Big businesses often suffer from data overload. Some just ignore their data because a) they do not see it as data b) they don’t have the time c) they don’t have the skills. At the other extreme they may suffer analysis paralysis where decisions are not made because of over-thinking and a failure to get behind one single conclusion.

The situation is similar for small business too. They may well have less data, but they also usually have fewer decision-makers too, so are not necessarily at an advantage. They may not have the time or skills too but are also probably less able to hire in an expert to help either.

What I have realised is that because of my background I look at data in a completely different way to other small business owners.
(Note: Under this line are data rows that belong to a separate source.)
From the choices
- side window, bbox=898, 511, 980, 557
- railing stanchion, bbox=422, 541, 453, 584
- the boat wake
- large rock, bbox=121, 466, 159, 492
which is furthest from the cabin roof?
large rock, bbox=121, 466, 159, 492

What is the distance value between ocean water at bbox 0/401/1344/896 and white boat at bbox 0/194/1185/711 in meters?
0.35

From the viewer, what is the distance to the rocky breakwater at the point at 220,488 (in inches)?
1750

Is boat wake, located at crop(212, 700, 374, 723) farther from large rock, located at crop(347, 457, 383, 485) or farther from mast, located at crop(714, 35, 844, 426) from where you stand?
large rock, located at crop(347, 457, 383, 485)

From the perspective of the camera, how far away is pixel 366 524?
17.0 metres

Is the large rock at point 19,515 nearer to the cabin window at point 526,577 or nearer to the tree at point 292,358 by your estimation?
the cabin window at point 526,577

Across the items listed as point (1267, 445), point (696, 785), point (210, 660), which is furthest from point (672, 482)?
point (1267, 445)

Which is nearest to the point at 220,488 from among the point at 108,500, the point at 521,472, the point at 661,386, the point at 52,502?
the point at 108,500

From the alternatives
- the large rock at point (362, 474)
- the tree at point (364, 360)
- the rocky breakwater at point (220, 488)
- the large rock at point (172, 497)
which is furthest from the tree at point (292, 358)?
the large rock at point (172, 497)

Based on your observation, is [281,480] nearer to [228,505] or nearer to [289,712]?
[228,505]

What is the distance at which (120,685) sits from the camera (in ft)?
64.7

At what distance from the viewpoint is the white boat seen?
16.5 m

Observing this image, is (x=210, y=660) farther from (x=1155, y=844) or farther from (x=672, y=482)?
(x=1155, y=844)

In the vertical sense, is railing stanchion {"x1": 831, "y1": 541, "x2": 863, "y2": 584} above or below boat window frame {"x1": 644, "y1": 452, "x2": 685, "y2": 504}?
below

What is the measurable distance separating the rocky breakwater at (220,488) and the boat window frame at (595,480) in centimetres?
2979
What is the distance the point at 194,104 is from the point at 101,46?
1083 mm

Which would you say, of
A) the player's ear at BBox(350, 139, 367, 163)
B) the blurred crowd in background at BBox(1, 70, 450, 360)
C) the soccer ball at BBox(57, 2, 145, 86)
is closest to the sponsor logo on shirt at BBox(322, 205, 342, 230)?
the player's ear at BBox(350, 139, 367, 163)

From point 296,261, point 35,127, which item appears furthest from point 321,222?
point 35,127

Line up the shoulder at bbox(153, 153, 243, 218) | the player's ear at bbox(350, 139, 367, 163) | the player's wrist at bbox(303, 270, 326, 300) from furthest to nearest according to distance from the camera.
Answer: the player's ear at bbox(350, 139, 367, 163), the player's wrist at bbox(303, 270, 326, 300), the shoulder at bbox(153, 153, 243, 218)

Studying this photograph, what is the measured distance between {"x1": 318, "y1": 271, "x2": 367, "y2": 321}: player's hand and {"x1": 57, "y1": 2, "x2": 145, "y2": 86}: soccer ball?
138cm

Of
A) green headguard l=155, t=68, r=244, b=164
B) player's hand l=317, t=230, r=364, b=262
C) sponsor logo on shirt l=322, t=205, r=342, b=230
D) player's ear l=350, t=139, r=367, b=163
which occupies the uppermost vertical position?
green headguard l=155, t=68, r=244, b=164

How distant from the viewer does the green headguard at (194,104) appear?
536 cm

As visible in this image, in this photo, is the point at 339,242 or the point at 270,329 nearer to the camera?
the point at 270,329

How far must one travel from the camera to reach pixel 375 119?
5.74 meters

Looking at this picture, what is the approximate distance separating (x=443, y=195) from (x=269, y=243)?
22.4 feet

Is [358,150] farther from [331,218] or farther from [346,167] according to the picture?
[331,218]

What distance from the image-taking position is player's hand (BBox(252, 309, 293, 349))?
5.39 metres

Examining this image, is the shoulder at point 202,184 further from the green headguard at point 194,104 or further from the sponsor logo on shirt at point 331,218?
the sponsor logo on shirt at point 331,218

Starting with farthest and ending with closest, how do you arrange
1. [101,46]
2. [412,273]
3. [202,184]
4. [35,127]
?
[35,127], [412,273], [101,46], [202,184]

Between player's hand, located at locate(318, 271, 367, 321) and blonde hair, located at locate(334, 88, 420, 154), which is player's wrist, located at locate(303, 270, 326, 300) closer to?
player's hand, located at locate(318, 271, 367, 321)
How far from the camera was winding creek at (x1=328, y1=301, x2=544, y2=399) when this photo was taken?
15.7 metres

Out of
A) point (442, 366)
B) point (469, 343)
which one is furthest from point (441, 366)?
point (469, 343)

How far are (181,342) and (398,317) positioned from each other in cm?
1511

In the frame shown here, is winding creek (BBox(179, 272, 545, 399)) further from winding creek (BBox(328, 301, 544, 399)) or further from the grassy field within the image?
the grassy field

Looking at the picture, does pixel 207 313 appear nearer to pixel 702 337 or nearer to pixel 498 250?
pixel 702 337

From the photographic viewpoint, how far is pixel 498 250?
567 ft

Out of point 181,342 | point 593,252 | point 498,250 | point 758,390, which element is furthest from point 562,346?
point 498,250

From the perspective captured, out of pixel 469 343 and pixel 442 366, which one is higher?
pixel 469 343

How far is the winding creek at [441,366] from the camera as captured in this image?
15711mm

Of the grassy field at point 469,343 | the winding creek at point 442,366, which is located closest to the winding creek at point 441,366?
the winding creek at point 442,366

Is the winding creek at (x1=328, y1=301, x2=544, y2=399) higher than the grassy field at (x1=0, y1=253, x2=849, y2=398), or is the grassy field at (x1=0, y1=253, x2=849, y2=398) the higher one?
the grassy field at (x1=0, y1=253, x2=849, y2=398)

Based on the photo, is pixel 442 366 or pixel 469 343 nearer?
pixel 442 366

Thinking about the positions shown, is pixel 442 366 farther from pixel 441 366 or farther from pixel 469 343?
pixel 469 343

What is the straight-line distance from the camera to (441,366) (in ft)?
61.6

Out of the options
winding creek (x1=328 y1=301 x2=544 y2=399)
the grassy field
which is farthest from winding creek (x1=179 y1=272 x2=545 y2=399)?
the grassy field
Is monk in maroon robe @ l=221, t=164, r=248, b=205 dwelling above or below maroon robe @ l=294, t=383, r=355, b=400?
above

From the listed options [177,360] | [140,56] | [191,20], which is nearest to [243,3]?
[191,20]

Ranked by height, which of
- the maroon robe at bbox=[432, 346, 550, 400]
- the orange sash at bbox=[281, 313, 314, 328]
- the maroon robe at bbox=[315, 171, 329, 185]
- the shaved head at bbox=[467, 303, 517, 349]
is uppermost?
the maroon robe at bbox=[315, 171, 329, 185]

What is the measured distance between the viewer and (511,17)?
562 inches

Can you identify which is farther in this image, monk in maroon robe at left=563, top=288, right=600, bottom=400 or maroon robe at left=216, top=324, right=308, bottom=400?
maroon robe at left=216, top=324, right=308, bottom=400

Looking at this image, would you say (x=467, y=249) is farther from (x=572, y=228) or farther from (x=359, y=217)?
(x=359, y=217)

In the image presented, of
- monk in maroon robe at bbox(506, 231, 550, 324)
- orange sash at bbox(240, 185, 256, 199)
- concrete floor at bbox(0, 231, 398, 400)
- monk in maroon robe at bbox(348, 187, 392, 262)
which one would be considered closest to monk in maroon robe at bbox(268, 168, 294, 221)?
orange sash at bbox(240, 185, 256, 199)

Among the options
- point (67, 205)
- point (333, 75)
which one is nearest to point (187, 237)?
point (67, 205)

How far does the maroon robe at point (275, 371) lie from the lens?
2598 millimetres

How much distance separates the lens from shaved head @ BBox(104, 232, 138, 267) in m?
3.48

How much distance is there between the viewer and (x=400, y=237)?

I wanted to show that perspective to you and also share you some very simple ways that you can start to understand more deeply what is driving your sales.

A picture paints a thousand words

Lots of businesses produce regular snapshot sales reports that look like this:

Year 1
Year 2
Annual change

It needs a bit of mental effort to figure out if the change is good/bad, big/small.

Here is the same information displayed in a chart:

Even if you have never seen this information before you can quickly tell that

  • Year 2 is lower than Year 1
  • By a lot. Without the % label most people would guess at c.33% (a third)

If you had 50 of those tables to look at to get an overview of how each of your products performed the time investment of setting up charts is probably more than won back by the speed at which you could go through them and draw conclusions. Especially if you learned how to do it quickly with template or automation.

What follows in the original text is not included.